I do feel distracted quite often by the interwebs and have considering going to see a doc about potential adult ADHD. It just seems for whatever reason I can't seem to work an hour without popping on to my favorite forums. Ironic..no?
It would be difficult to set an egg timer at work due to a shared office setting, hence why I was going for a program for the same thing...but it is a rather logical point that it would only be rationalized.
Agree, more or less.
OP: there's really no easy solution here, this is really just a self-discipline issue. Limits, in my own experience, never work at compelling anyone to do anything (which is why dieting frequently doesn't work). You say there are things you want to do... well, get off your duff and do them.
...
Back in college I was contemplating whether AFROTC would be a good choice for me. Despite the fact that it's the AF, they do still have physical endurance tests and, well, I'm not really in for that. Talked briefly with the program's staff and their senior officer said "None of my people are going to be out there riding you to keep up with the program... you either want to do it or you don't."
Kinda an unspectacular ending but in the end I decided that I'd rather be a civilian.

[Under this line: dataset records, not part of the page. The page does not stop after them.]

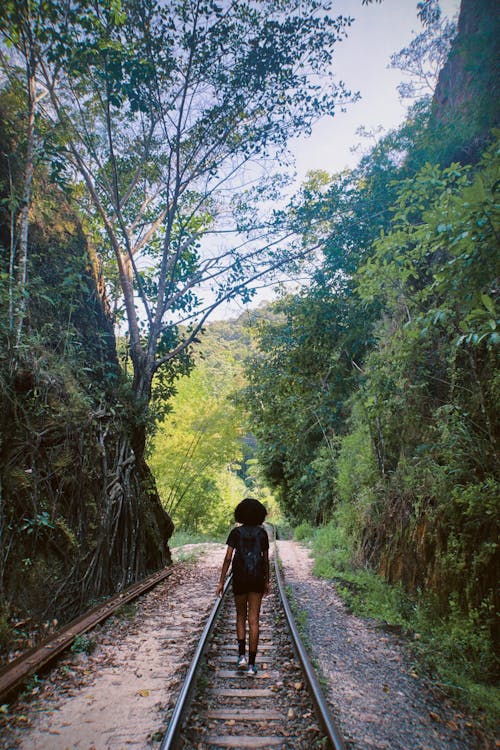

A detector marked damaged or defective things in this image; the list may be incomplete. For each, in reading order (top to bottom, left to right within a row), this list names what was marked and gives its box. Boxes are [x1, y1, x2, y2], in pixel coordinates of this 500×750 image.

rusty rail [0, 568, 172, 704] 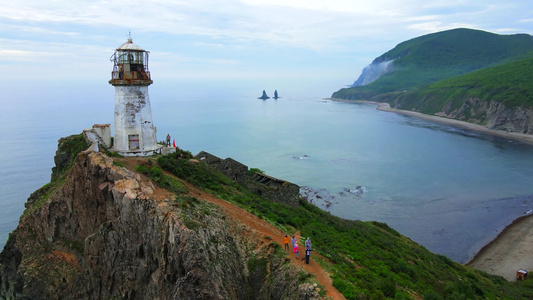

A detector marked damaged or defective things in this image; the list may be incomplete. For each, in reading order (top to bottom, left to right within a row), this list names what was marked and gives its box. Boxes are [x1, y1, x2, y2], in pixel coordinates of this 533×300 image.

rusty lighthouse top [108, 36, 153, 86] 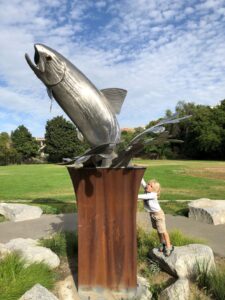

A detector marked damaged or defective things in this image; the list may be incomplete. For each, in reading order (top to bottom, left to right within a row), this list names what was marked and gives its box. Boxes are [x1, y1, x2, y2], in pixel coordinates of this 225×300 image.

rusted metal pedestal [67, 168, 144, 298] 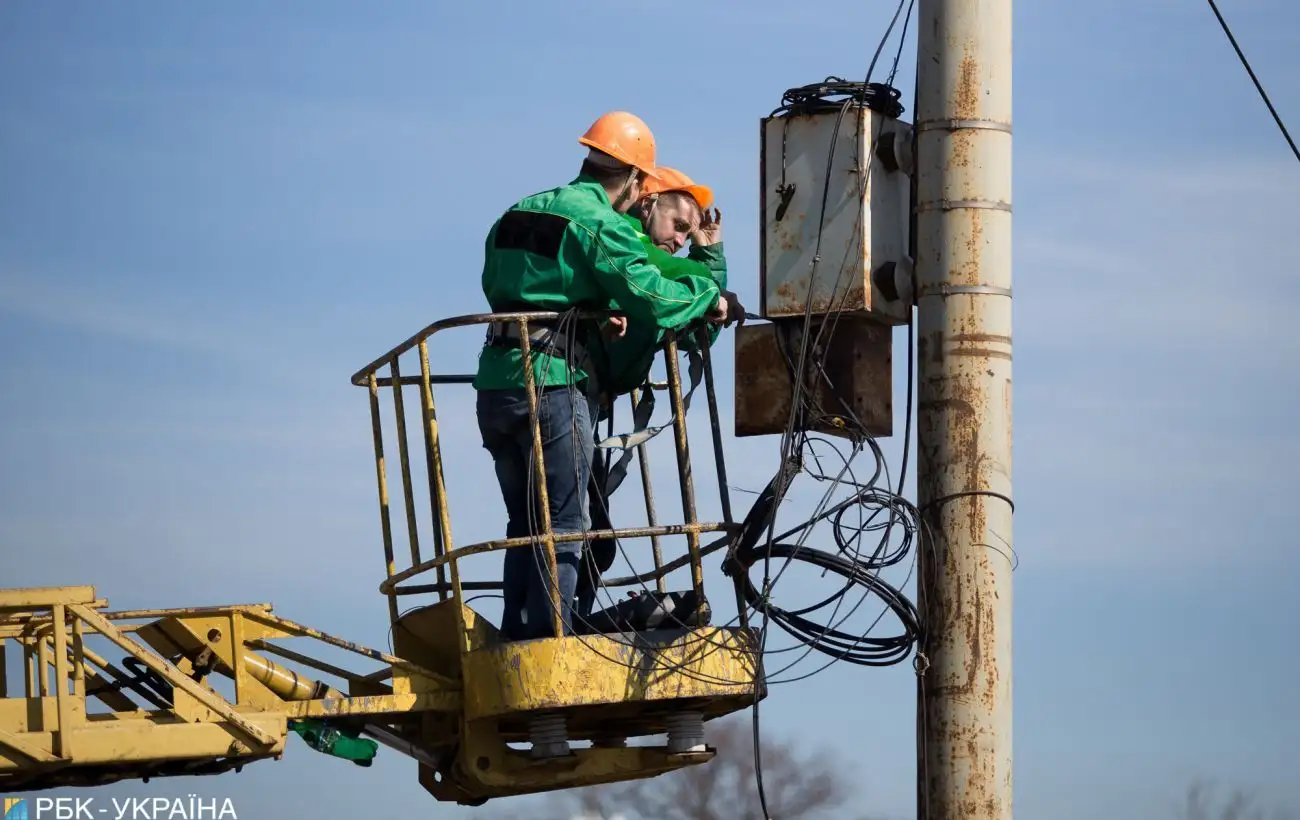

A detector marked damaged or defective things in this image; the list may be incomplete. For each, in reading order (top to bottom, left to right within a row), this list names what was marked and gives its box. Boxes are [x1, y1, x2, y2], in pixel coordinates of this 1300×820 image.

Because I simply don't have the interest to go the distance.
If you're right and truly committed to doing something, you'll do it, and if you aren't, no external crutch is going to change that. It does not take a gadget, gimmick, or gizmo to tell you "you know, I should go do something else." It really doesn't. Even with ADD it still doesn't.
At home, I think the egg timer thing would probably work, no?
Wouldn't the egg timer require a certain degree of control as well. As much as I could just ignore internet usage charts, I could easily just ignore a buzz egg timer, no?
I am screwed.
I don't know if it'll help you with the overarching self control issue but it'll do a good job of showing you exactly where your time on the computer is actually being spent.